Thursday, May 17, 2012

Big Data Refinery Fuels Next-Generation Data Architecture

Since joining Hortonworks at the beginning of the year, a question I’ve heard over and over again is “What is Apache Hadoop and what is it used for?”

There’s clearly a lot of hype [and confusion] in this emerging Big Data market, and it feels as if each new technology, as well as existing technologies, are pushing the meme of all your data are belong to us. It is great to see the wave of innovation occurring across the landscape of SQL, NoSQL, NewSQL, EDW, MPP DBMS, Data Marts, and Apache Hadoop (to name just a few), but enterprises and the market in general can use a healthy dose of clarity on just how to use and interconnect these various technologies in ways that benefit the business.

In my post entitled “7 Key Drivers for the Big Data Market”, I asserted that the Big Data movement is not only about the classic world of transactions, but it factors in the new(er) worlds of interactions and observations. And this new world brings with it a wide range of multi-structured data sources that are forcing a new way of looking at things.

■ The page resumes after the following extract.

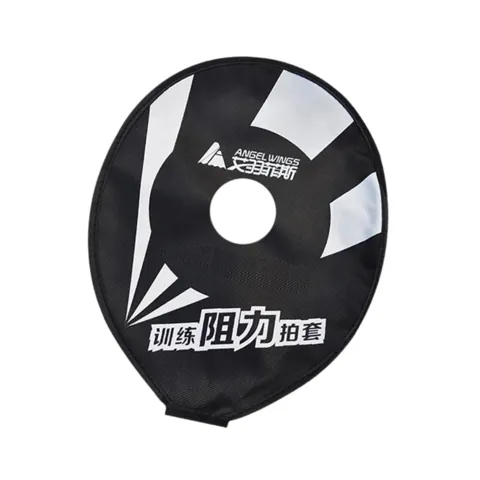 Badminton Racquet Head Cover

In order to make sense of this emerging space, I’ve created two graphics designed to walk through a vision of a next-generation data architecture. At the highest level, I describe three broad areas of data processing and outline how these areas interconnect.

The three areas are:
  • Business Transactions & Interactions
  • Business Intelligence & Analytics
  • Big Data Refinery
The graphic below illustrates a vision for how these three types of systems can interconnect in ways aimed at deriving maximum value from all forms of data.   

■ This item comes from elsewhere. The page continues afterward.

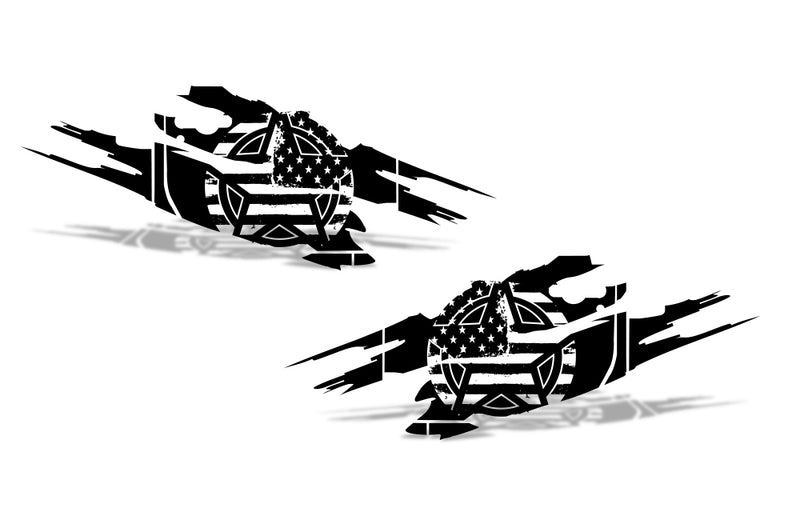 [Vehicle Vinyl], [Truck Decal],[Truck Vinyl], [Factory Crafts]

Enterprise IT has been connecting systems via classic ETL processing, as illustrated in Step 1 above, for many years in order to deliver structured and repeatable analysis. In this step, the business determines the questions to ask and IT collects and structures the data needed to answer those questions.

The “Big Data Refinery”, as highlighted in Step 2, is a new system capable of storing, aggregating, and transforming a wide range of multi-structured raw data sources into usable formats that help fuel new insights for the business. The Big Data Refinery provides a cost-effective platform for unlocking the potential value within data and discovering the business questions worth answering with this data. A popular example of big data refining is processing Web logs, clickstreams, social interactions, social feeds, and other user generated data sources into more accurate assessments of customer churn or more effective creation of personalized offers.

More interestingly, there are businesses deriving value from processing large video, audio, and image files. Retail stores, for example, are leveraging in-store video feeds to help them better understand how customers navigate the aisles as they find and purchase products. Retailers that provide optimized shopping paths and intelligent product placement within their stores are able to drive more revenue for the business. In this case, while the video files may be big in size, the refined output of the analysis is typically small in size but potentially big in value.

The Big Data Refinery platform provides fertile ground for new types of tools and data processing workloads to emerge in support of rich multi-level data refinement solutions.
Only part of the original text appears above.